変わる事無く眉根を寄せて真剣な表情の雪音に、其の不安と心遣いをいたわりながら善兵衛は柔らかく笑った。


「はっはっは。何、ちょっと煙草銭を差し上げただけさね」


「まぁ」と、今度は松があからさまに眉をひそめてみせる。


「本当に、すみません」


頭を下げて俯く雪音のしなやかな手をとって善兵衛は自分の膝に乗せ、ぽんぽんと子供をいたわるように弾ませる。

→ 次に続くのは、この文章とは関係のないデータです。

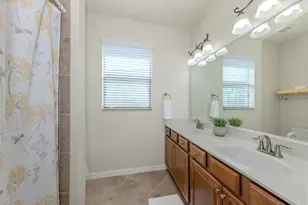 13270 Famiglia Dr, Venice, FL 34293 - Photo 30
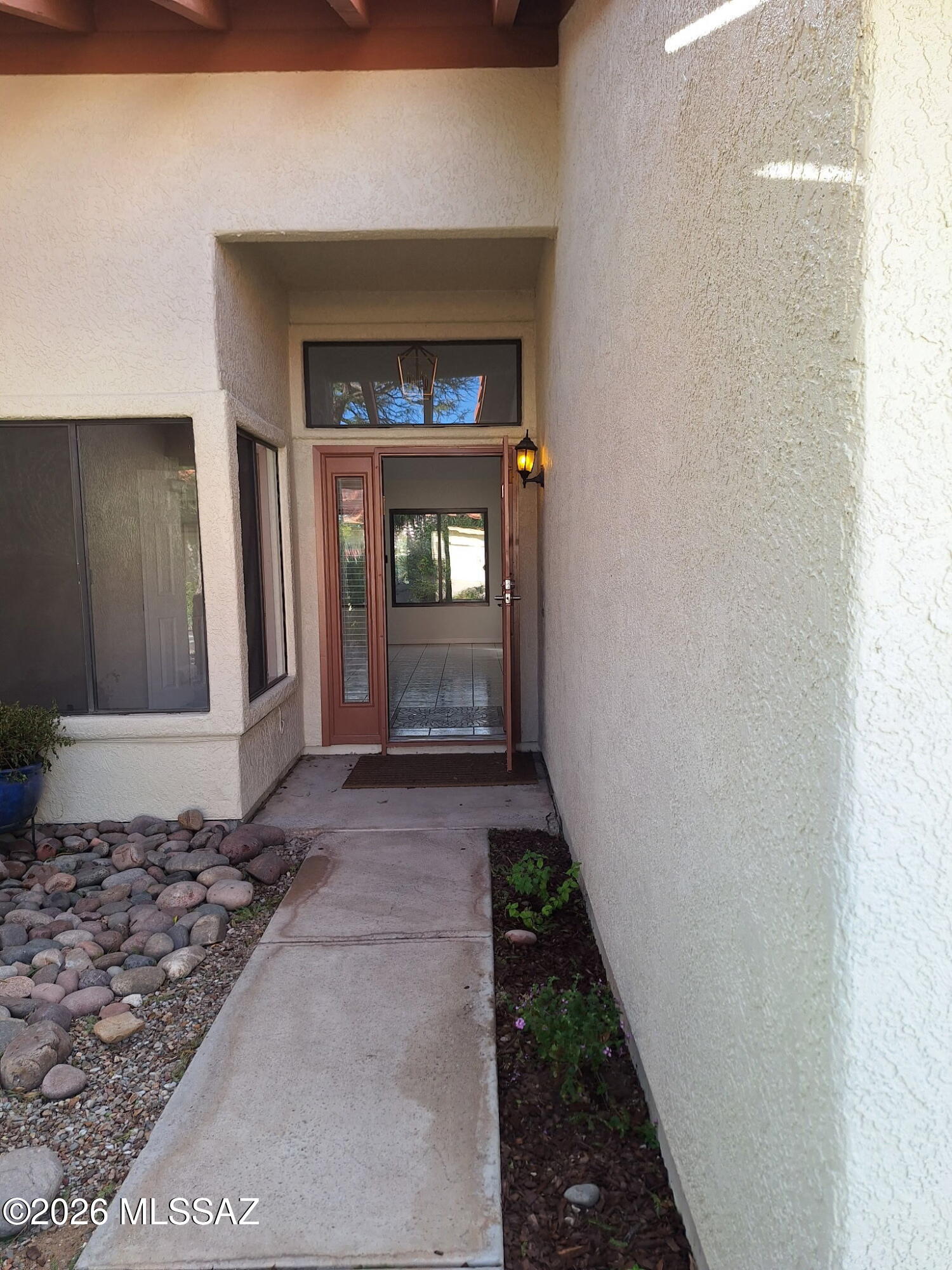 5551 N Skyset Loop
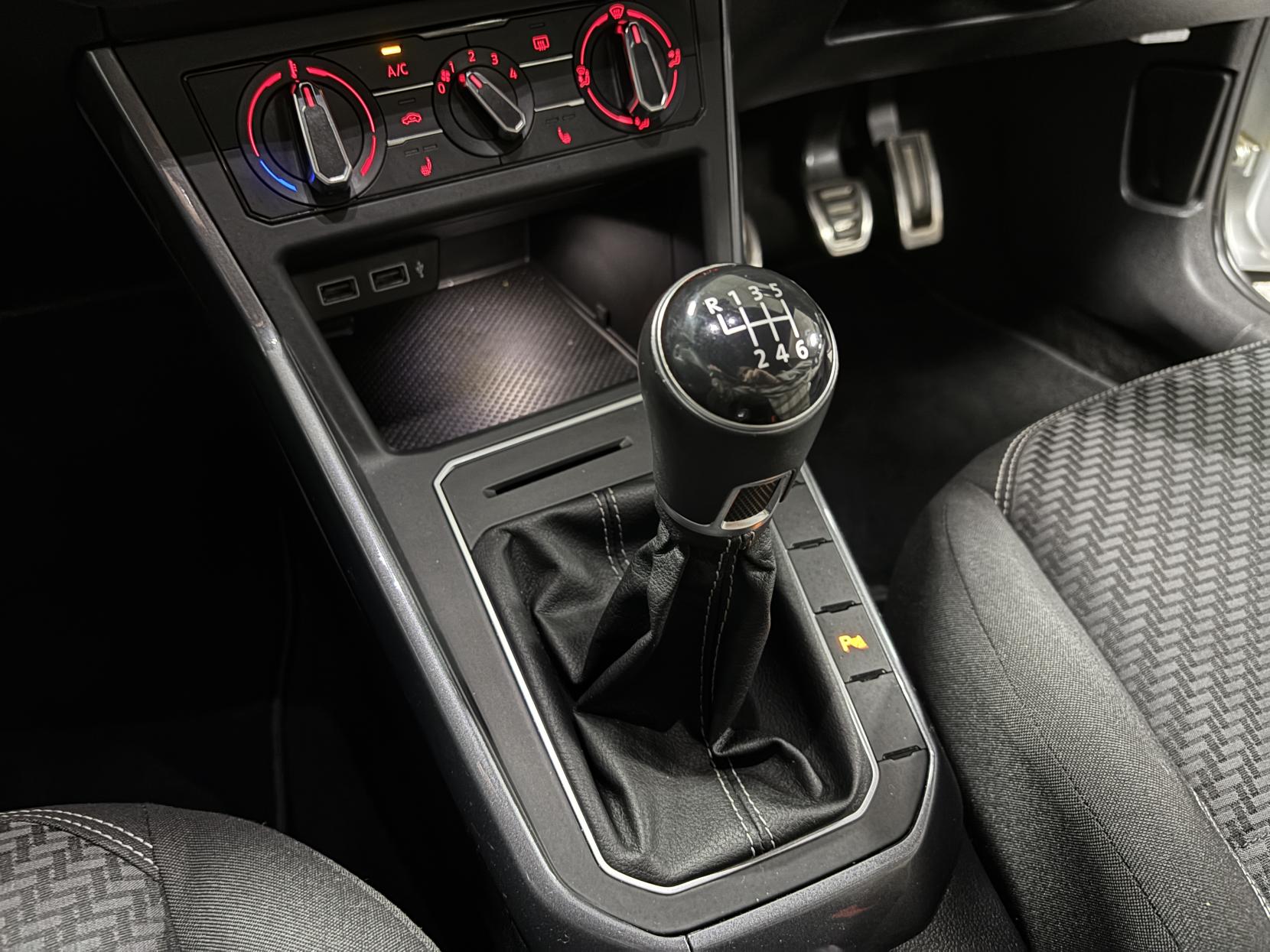 Volkswagen Polo 1.0 TSI R-Line Hatchback 5dr Petrol Manual Euro 6 (s/s) (115 ps)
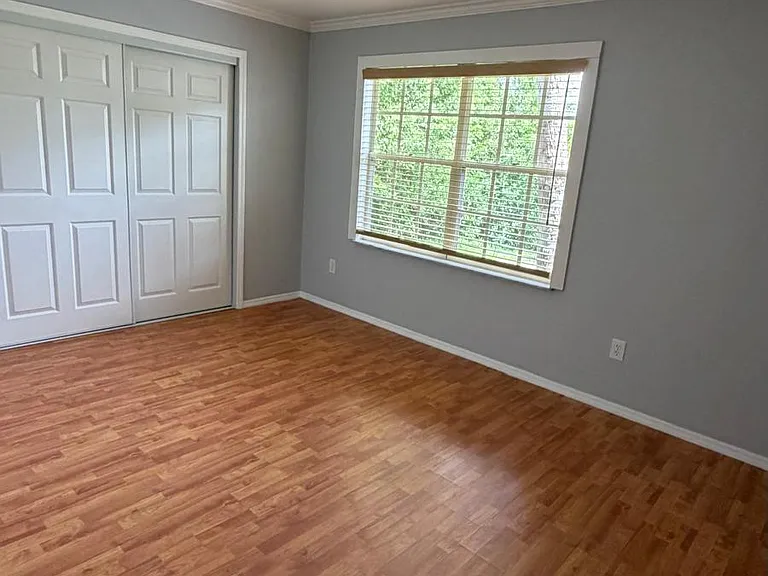 18107 Steele Ave — Photo 17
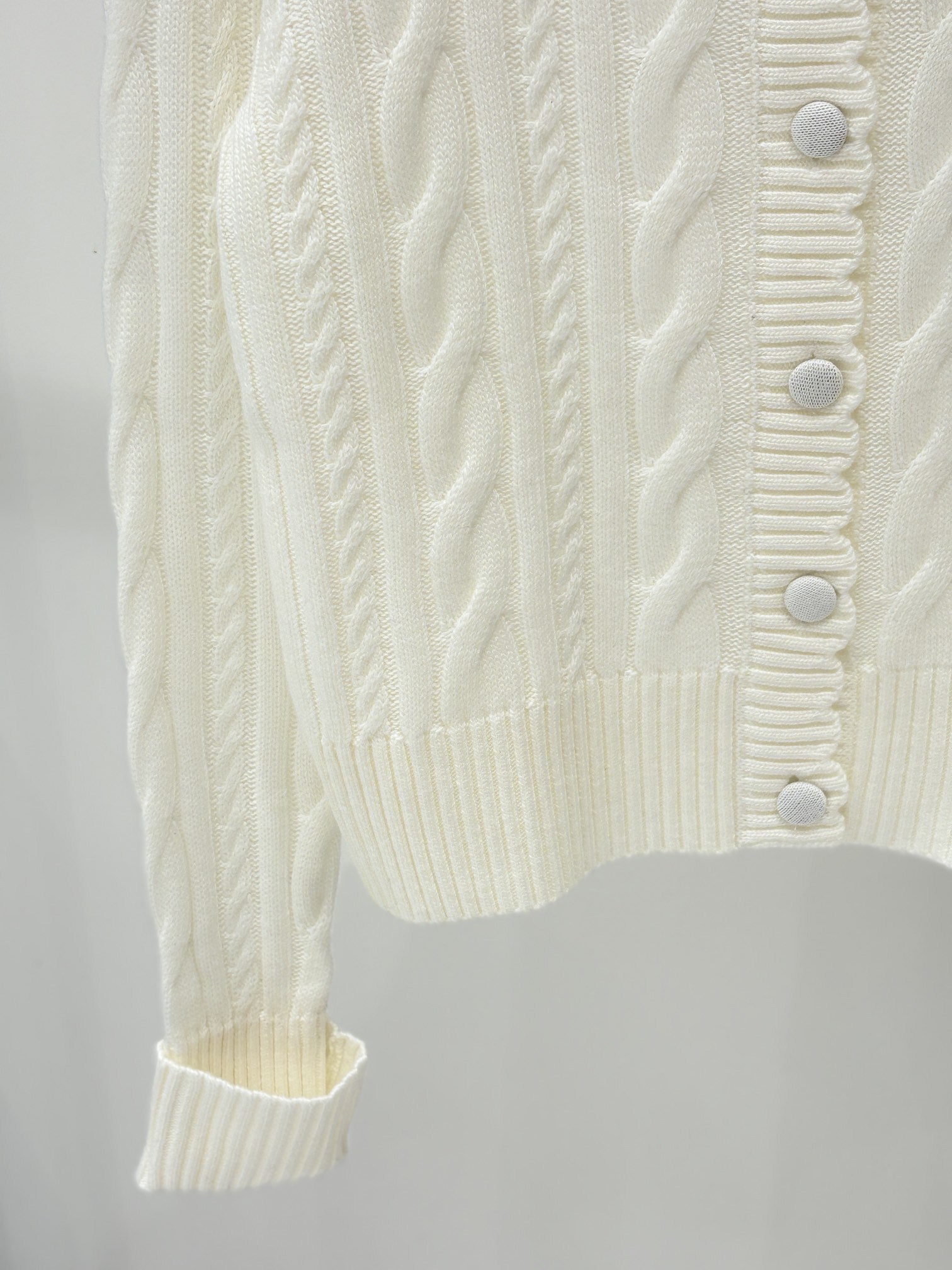 GXZ Elegant Cable Knit Cardigan with Embroidered Logo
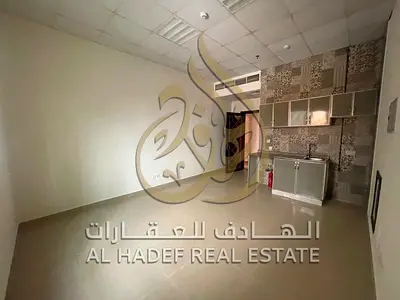 استوديو للايجار السنوى - منطقة البوطينة - قريب من جميع الخدمات - اول ساكن - باركن فرى - بناية عوائل فقط - تكييف وغاز مركزى - صيانة مجانية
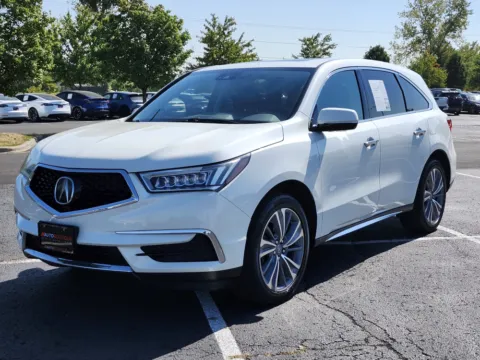 More photos of 2017 Acura MDX w/Technology Pkg at Auto Boutique Ohio, OH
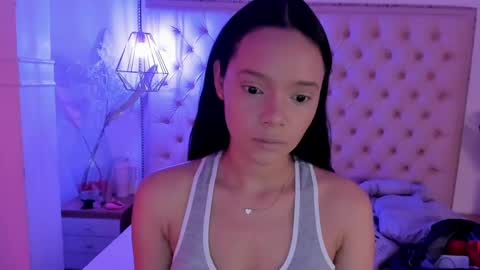 victoria_kitt online show from October 8, 2025, 3:09 pm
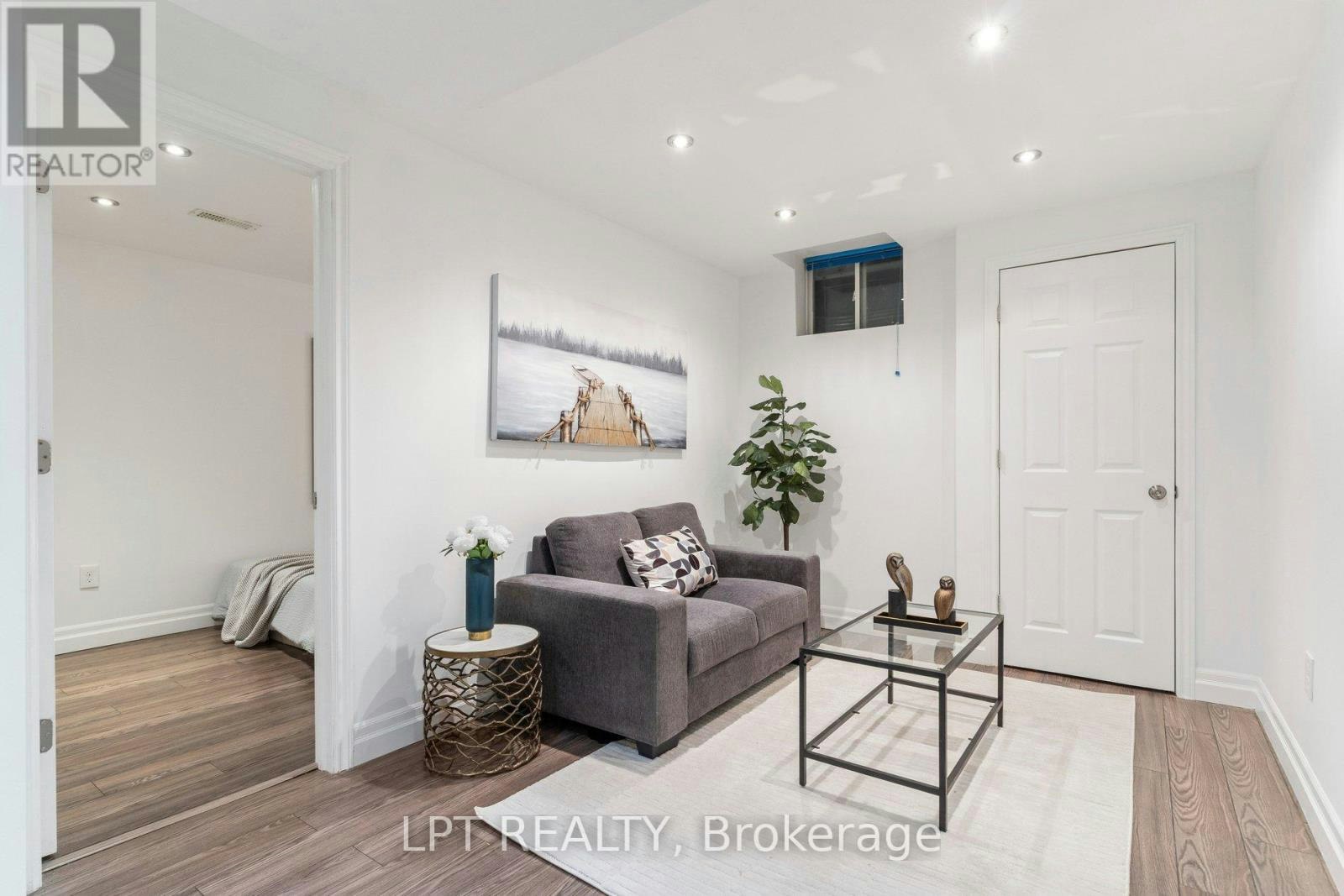 61 Minerva Avenue, Toronto, ON, M1M 0C2 - 31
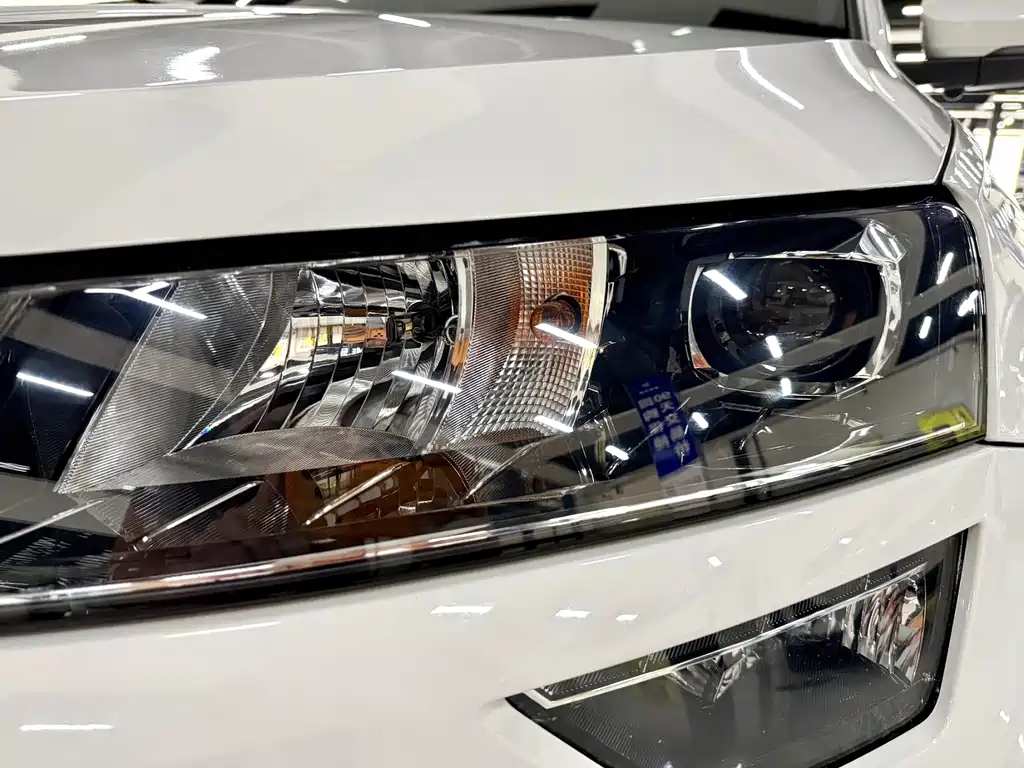 Skoda Karoq — миниатюра 16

それを視ながら松は仰々しくまた大きく溜息をつくと嘆くように声を出した。


「あの子は本当に、どうしちまったんだか。昔から本ばかり読んで、ちっとも懐かないし。旦那。無闇に甘やかさないでくださいね、なにやらよからぬ連中と、かかずりあっているようですし」


「お義母さん」


松の言葉に、再び顔を上げてもう止めてと云う目線を送る雪音。


可愛い雪音の困り顔に、善兵衛の鶴の一声。


「まぁまぁ。さて、そろそろ休もうかね」


「あらやだ妾ったら、すっかりおしゃべりしてしまって。馬に蹴られる前に、年よりはもう引っ込みましょうね。ごめんくださいませ」


「はいよ、お休みなさい」


慌てた様子で立ち上がり、「ごゆっくり」と部屋を出てゆく松の、閉めた障子をずっと見詰め続ける雪音。


「どうしたい」


「本当に、何てお詫びをしたら良いか」


「お前さんがあたしの側にいてくれる。それで十分さね」


「おいで―」


「―はい」


雪音が小さく応えるのを、立ち去る事無く其のまま廊下に佇み耳をそばだて聞いて居た松は、隠微な笑みを薄っすらと浮かべ、コクリと一度頷き夜の闇の中、自分の部屋へと戻っていった。